◆ PROBLEM TO WORK ON: Exactly as they appear, write the lines from the one containing "Levi's Vintage Clothing" to the final line of the entries, leaving pictures out.

◆ Short text fragments from websites:

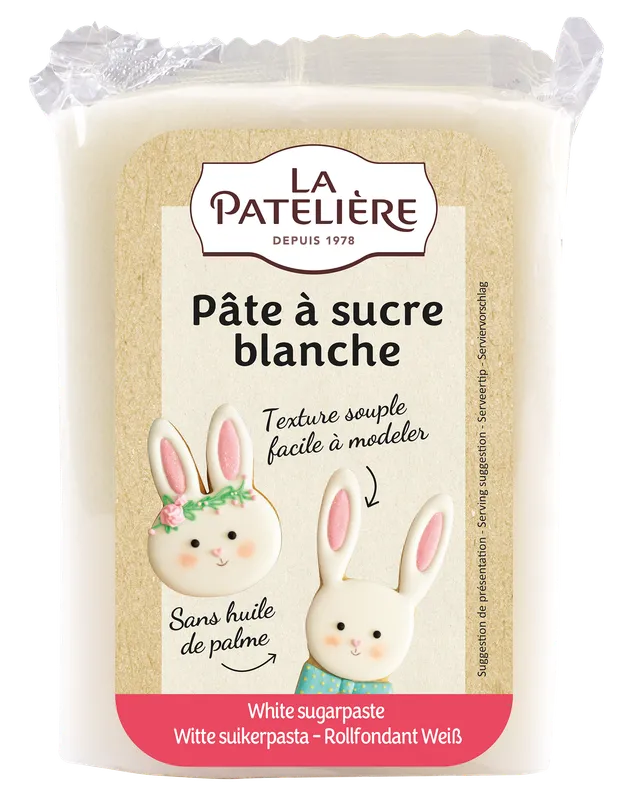 La Patelière Sucres et levures Pâte à sucre blanche sans palme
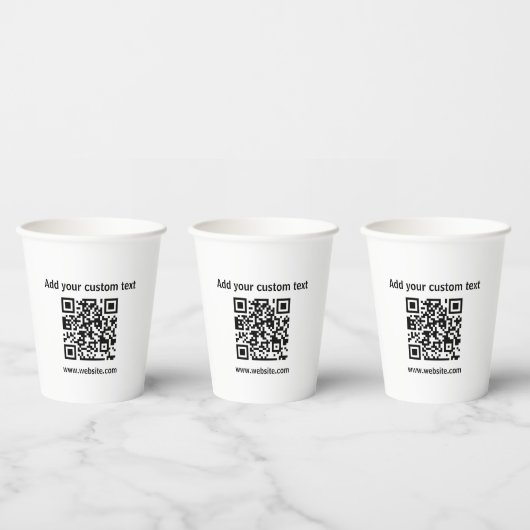 Gobelets En Papier Code Qr personnalisé café minimaliste blanc (Multi)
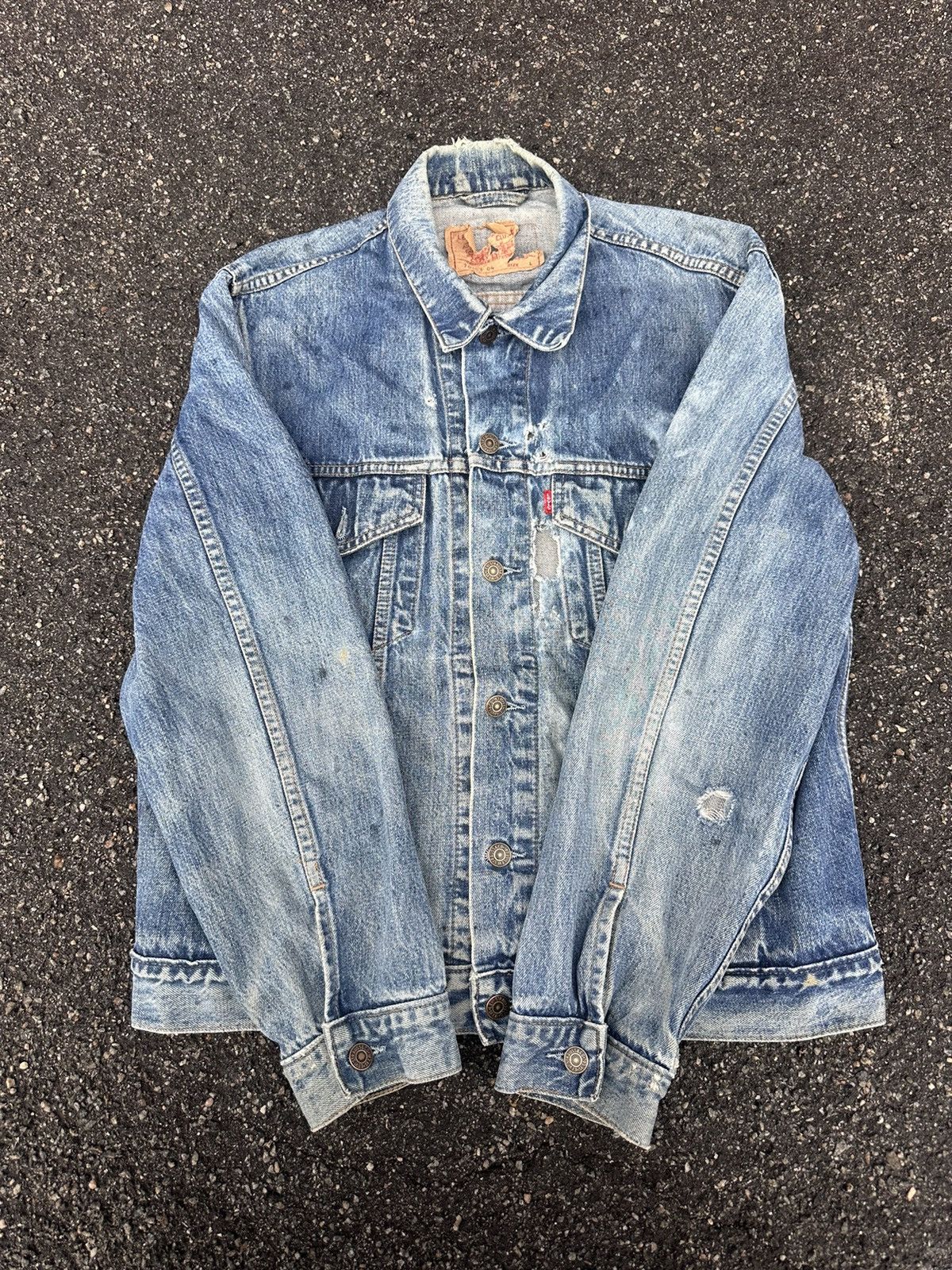 Levi's Vintage Clothing Vintage Levis Denim jacket VERY RARE!!! Jeans USA distressed Size US L / EU 52-54 / 3 - 9 Thumbnail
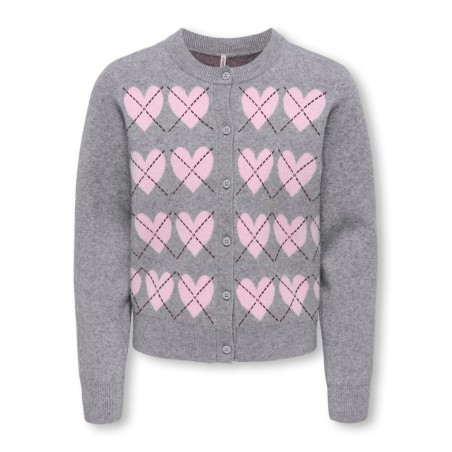 KIDS ONLY Harli argyle strik cardigan - Medium Grey Melange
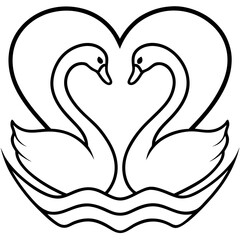 Romantic Swan Duo with Heart Shape in Line Art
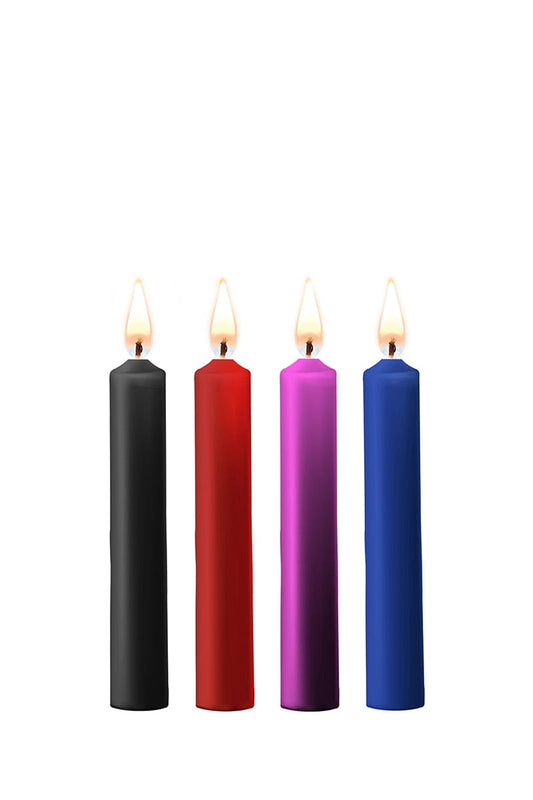 Kit 4 bougies basse températures colorées pour jeux SM - Ouch!
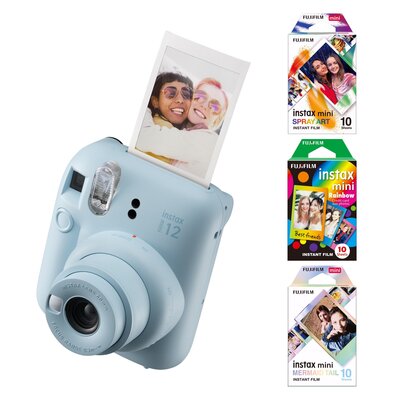 Aparat FUJIFILM Instax Mini 12 Niebieski + Wkłady do aparatu FUJIFILM Instax Mini Spray Art 10 arkuszy + Wkład do aparatu FUJIFILM Instax Mini Mermaid Tail 10 arkuszy + Wkład do aparatu FUJIFILM Instax Mini Rainbow 10 arkuszy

◆ RESPONSE TO THE TASK:
 Levi's Vintage Clothing Vintage Levis Denim jacket VERY RARE!!! Jeans USA distressed Size US L / EU 52-54 / 3 - 9 Thumbnail
 KIDS ONLY Harli argyle strik cardigan - Medium Grey Melange
 Romantic Swan Duo with Heart Shape in Line Art
 Kit 4 bougies basse températures colorées pour jeux SM - Ouch!
 Aparat FUJIFILM Instax Mini 12 Niebieski + Wkłady do aparatu FUJIFILM Instax Mini Spray Art 10 arkuszy + Wkład do aparatu FUJIFILM Instax Mini Mermaid Tail 10 arkuszy + Wkład do aparatu FUJIFILM Instax Mini Rainbow 10 arkuszy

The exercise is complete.